*Task*
Below are several records. Retype exactly those lines running from the one with "Foto van Mercedes-Benz C 200" through the one with "王菲女兒李嫣慶15歲生日，和好友合體如同「網紅聚會」，太早熟 娛樂八卦吃瓜 第7张", end lines included, and no others.
········
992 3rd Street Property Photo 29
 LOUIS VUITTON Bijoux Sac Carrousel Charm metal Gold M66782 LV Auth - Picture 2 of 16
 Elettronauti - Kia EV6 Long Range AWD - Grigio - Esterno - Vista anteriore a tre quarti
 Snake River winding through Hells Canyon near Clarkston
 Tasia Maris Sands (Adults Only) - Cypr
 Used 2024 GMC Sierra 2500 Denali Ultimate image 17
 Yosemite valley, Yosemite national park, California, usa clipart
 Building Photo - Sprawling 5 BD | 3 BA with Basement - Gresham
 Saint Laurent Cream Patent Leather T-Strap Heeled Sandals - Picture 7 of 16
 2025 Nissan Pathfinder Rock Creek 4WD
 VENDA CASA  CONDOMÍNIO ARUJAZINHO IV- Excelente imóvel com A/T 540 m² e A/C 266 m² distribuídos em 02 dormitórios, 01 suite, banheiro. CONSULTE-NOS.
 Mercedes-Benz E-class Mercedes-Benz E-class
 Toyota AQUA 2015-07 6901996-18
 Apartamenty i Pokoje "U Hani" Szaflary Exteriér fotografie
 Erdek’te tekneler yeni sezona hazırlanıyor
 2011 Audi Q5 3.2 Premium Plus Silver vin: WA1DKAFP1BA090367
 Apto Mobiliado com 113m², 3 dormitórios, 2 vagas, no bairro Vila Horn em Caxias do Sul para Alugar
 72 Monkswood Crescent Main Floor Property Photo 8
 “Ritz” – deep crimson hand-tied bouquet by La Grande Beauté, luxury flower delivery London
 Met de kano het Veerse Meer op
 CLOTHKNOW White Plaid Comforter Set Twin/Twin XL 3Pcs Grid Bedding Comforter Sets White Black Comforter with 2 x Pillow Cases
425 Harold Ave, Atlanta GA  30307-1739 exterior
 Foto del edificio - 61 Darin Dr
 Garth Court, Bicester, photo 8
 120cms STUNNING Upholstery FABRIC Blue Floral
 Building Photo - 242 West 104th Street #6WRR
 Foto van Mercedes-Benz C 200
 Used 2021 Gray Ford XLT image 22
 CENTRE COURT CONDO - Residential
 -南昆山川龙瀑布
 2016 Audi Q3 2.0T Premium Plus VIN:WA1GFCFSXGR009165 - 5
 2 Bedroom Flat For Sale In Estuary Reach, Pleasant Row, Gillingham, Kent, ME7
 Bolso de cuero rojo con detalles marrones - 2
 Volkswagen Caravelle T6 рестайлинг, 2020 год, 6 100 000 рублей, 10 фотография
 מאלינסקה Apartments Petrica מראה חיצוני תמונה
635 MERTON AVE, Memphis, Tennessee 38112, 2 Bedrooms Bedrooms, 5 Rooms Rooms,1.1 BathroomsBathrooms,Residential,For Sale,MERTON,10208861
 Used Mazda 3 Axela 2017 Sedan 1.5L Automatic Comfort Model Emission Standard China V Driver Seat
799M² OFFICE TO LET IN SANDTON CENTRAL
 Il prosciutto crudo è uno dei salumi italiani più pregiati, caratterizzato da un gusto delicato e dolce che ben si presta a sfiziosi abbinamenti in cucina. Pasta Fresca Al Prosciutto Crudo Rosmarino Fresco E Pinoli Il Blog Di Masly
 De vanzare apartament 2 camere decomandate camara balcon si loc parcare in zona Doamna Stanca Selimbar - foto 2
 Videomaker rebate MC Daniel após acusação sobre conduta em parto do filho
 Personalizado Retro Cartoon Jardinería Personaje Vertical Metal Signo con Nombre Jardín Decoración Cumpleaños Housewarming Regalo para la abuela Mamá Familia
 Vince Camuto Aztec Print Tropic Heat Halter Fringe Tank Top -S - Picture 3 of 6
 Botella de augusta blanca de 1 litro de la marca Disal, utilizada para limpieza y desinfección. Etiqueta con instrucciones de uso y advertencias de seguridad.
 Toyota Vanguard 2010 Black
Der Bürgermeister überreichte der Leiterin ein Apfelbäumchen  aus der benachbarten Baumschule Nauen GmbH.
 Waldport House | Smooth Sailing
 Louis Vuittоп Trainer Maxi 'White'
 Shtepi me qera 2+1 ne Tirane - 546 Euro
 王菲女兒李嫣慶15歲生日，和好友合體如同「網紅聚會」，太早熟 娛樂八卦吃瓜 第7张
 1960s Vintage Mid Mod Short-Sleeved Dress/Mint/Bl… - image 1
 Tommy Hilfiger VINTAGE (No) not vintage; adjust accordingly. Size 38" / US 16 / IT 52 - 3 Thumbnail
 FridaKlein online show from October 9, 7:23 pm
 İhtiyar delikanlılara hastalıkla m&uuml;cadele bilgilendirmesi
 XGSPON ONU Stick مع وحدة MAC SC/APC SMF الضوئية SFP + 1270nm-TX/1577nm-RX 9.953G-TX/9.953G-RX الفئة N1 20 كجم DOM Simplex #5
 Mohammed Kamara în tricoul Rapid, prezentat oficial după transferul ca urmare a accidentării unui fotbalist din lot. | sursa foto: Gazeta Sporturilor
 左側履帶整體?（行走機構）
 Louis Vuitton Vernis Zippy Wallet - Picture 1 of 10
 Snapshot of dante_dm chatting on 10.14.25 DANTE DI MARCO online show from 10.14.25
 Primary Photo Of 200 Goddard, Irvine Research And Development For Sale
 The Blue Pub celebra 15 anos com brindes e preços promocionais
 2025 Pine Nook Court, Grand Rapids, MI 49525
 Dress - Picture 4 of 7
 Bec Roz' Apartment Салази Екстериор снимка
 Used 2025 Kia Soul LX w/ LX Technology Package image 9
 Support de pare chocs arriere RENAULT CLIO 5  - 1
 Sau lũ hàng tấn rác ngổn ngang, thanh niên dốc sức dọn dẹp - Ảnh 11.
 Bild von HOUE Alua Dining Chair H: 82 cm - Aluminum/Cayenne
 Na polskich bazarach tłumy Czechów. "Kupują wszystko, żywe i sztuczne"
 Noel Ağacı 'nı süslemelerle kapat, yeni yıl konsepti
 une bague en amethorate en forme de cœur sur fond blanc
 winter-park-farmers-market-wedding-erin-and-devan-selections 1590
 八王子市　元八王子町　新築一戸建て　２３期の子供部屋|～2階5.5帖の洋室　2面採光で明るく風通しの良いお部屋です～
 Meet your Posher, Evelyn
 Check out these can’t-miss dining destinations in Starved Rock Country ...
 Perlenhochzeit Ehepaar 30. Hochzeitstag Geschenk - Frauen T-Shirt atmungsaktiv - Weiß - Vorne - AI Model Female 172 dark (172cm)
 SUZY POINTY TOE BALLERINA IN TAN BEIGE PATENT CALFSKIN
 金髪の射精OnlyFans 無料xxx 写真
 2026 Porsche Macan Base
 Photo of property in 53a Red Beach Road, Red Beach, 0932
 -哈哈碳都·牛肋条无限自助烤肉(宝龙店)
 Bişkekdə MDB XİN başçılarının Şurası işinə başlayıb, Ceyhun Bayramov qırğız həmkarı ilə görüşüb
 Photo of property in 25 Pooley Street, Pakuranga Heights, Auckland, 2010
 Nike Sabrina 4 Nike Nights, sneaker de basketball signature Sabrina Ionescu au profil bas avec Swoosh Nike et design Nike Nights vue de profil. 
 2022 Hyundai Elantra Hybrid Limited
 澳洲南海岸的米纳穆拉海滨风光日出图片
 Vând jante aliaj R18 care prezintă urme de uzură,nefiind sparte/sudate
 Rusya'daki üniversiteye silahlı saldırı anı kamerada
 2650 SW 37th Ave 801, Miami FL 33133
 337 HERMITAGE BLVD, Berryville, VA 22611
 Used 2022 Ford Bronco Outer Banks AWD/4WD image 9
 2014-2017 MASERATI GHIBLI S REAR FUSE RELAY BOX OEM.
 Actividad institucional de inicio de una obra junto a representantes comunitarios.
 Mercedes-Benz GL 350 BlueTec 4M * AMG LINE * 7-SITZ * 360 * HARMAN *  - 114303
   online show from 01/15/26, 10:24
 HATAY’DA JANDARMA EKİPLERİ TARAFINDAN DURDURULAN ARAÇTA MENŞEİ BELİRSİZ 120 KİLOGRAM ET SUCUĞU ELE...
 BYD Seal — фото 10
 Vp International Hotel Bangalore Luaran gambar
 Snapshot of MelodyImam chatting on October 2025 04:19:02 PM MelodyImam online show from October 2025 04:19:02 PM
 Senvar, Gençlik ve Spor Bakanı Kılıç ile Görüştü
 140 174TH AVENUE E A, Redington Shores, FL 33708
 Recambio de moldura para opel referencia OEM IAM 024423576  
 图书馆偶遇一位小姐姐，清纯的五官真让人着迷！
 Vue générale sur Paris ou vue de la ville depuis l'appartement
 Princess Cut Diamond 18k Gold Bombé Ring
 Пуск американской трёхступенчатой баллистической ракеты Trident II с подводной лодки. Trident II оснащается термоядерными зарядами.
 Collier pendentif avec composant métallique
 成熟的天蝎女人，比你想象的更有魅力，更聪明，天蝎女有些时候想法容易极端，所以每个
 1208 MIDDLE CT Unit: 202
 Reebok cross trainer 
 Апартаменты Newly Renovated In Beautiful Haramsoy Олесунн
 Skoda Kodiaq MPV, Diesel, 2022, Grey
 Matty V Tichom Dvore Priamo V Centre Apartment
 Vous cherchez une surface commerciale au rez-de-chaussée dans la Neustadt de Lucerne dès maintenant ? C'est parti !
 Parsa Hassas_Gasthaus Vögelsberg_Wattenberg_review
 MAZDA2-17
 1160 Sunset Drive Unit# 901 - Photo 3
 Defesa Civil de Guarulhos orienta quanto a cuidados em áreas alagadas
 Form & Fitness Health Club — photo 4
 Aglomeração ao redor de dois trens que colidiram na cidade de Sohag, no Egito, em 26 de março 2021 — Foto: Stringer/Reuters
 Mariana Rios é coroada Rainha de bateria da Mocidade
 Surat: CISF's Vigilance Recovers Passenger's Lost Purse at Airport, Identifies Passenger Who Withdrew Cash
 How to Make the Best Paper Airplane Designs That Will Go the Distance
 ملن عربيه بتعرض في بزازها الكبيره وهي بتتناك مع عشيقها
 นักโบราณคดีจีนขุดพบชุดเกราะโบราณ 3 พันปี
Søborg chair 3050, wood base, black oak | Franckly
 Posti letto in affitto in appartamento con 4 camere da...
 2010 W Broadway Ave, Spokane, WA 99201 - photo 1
········
*Solution to this task*
 Foto van Mercedes-Benz C 200
 Used 2021 Gray Ford XLT image 22
 CENTRE COURT CONDO - Residential
 -南昆山川龙瀑布
 2016 Audi Q3 2.0T Premium Plus VIN:WA1GFCFSXGR009165 - 5
 2 Bedroom Flat For Sale In Estuary Reach, Pleasant Row, Gillingham, Kent, ME7
 Bolso de cuero rojo con detalles marrones - 2
 Volkswagen Caravelle T6 рестайлинг, 2020 год, 6 100 000 рублей, 10 фотография
 מאלינסקה Apartments Petrica מראה חיצוני תמונה
635 MERTON AVE, Memphis, Tennessee 38112, 2 Bedrooms Bedrooms, 5 Rooms Rooms,1.1 BathroomsBathrooms,Residential,For Sale,MERTON,10208861
 Used Mazda 3 Axela 2017 Sedan 1.5L Automatic Comfort Model Emission Standard China V Driver Seat
799M² OFFICE TO LET IN SANDTON CENTRAL
 Il prosciutto crudo è uno dei salumi italiani più pregiati, caratterizzato da un gusto delicato e dolce che ben si presta a sfiziosi abbinamenti in cucina. Pasta Fresca Al Prosciutto Crudo Rosmarino Fresco E Pinoli Il Blog Di Masly
 De vanzare apartament 2 camere decomandate camara balcon si loc parcare in zona Doamna Stanca Selimbar - foto 2
 Videomaker rebate MC Daniel após acusação sobre conduta em parto do filho
 Personalizado Retro Cartoon Jardinería Personaje Vertical Metal Signo con Nombre Jardín Decoración Cumpleaños Housewarming Regalo para la abuela Mamá Familia
 Vince Camuto Aztec Print Tropic Heat Halter Fringe Tank Top -S - Picture 3 of 6
 Botella de augusta blanca de 1 litro de la marca Disal, utilizada para limpieza y desinfección. Etiqueta con instrucciones de uso y advertencias de seguridad.
 Toyota Vanguard 2010 Black
Der Bürgermeister überreichte der Leiterin ein Apfelbäumchen  aus der benachbarten Baumschule Nauen GmbH.
 Waldport House | Smooth Sailing
 Louis Vuittоп Trainer Maxi 'White'
 Shtepi me qera 2+1 ne Tirane - 546 Euro
 王菲女兒李嫣慶15歲生日，和好友合體如同「網紅聚會」，太早熟 娛樂八卦吃瓜 第7张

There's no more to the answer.